Annoncée par la Première ministre lors de son discours de politique générale du 6 juillet 2022 au Parlement, la loi d'orientation et de programmation du ministère de la justice vise notamment à doter l'institution judiciaire des ressources à la hauteur des exigences de ses missions et de l'ambition commune qu'elle porte et se fonde notamment sur l'impératif d'un accès de tous à une justice de qualité sur l'ensemble du territoire français, hexagonal comme ultramarin.
Nourrie des conclusions des états généraux de la justice formalisées dans le rapport remis le 8 juillet 2022 au Président de la République mais aussi des réflexions et convictions portées par le ministère de la justice, cette loi apporte, notamment grâce aux contributions du Parlement, des réponses opérationnelles et concrètes pour bâtir la justice de demain.
Riche d'une vaste consultation inédite, ayant permis de recueillir près d'un million de contributions de citoyens et d'acteurs et de partenaires de la justice, le rapport du comité des états généraux de la justice a dressé le constat d'une justice sous tension, parfois en difficulté pour remplir pleinement son rôle.

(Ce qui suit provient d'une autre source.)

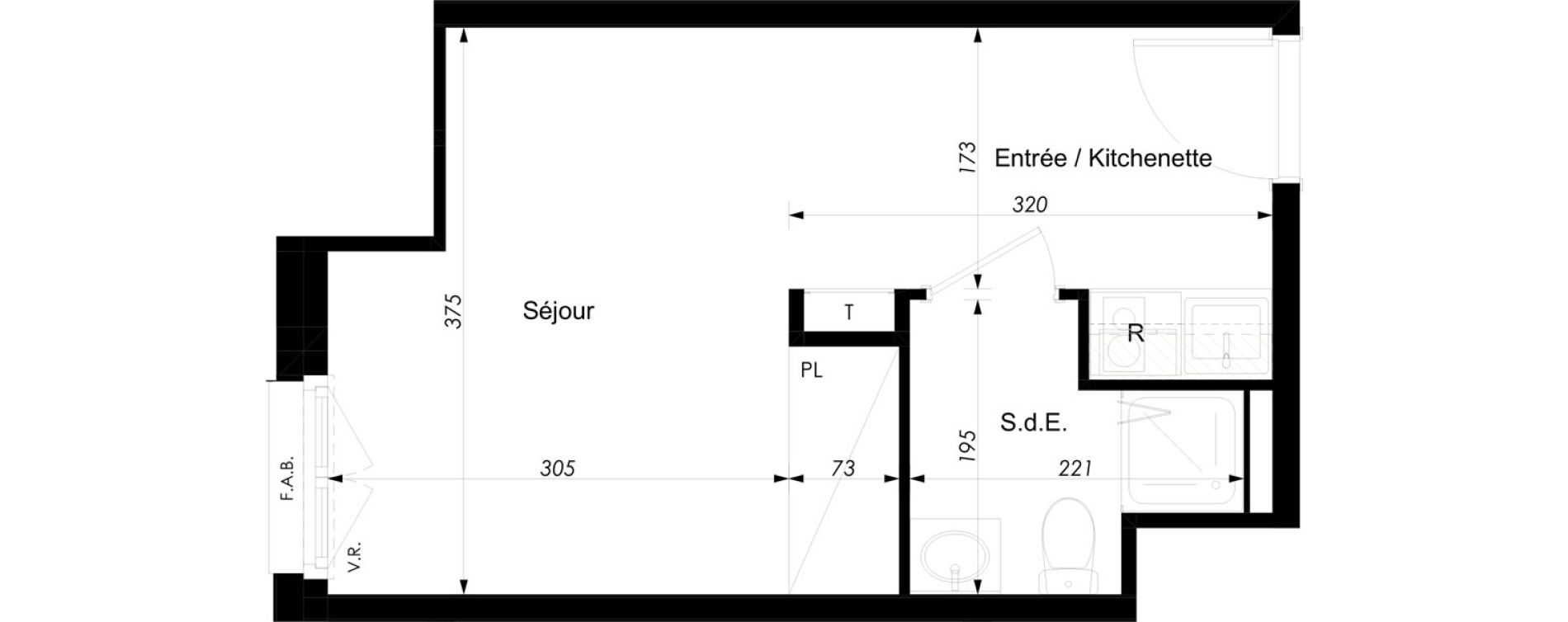 Appartement T1 meubl&eacute; de 20,96 m2 &agrave; Schiltigheim Centre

Afin de rehausser ses capacités, les moyens alloués à l'institution judiciaire seront largement accrus, dans la continuité de l'augmentation du budget de la mission Justice déjà amorcée lors du précédent quinquennat, notamment en matière de lutte contre les violences faites aux femmes. Cet effort budgétaire sans précédent, dont la trajectoire est inscrite dans le projet de loi, vise à répondre aux attentes fortes des citoyens et des professionnels de la justice.
Au-delà d'une augmentation des ressources, le projet de loi d'orientation et de programmation a pour ambition d'accompagner une réforme profonde de la justice, plus rapide, notamment dans ses délais de jugement, plus protectrice et efficace, plus proche et exigeante.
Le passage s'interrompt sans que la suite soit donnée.